Information shown:
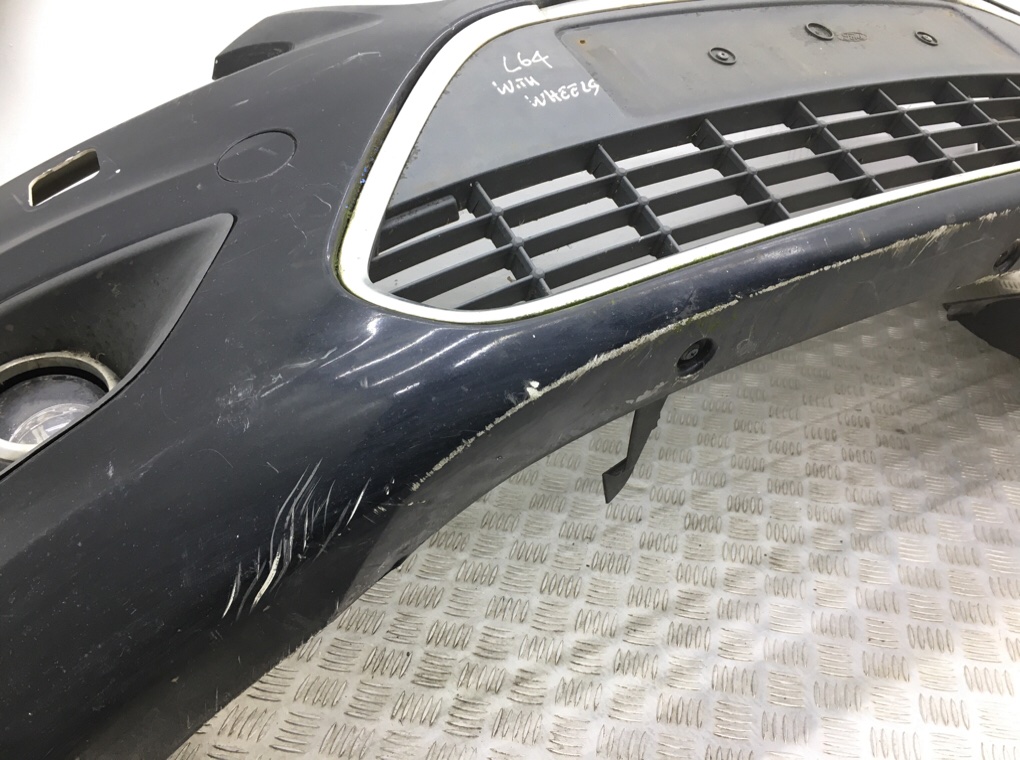 Бампер передний бу для Ford Focus 2 1.6 TDCi,  2008 г.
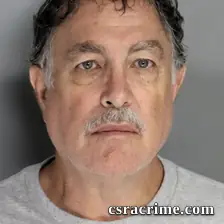 Christopher Kruzner booking photo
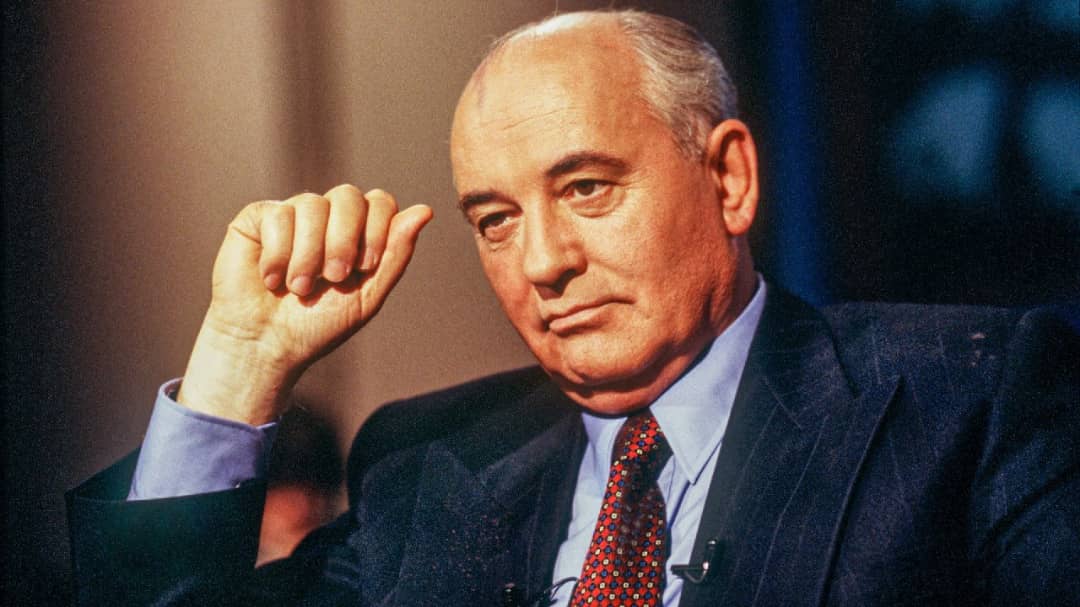 Mikhaïl Gorbatchev, l’homme qui a changé le monde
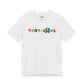 TortasRUs Colorful Logo Tee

Work item:
Pictures are to be omitted. Output verbatim only the lines from the one holding "Mikhaïl Gorbatchev, l’homme" through the end of the material, both included.

Response to this exercise:
 Mikhaïl Gorbatchev, l’homme qui a changé le monde
 TortasRUs Colorful Logo Tee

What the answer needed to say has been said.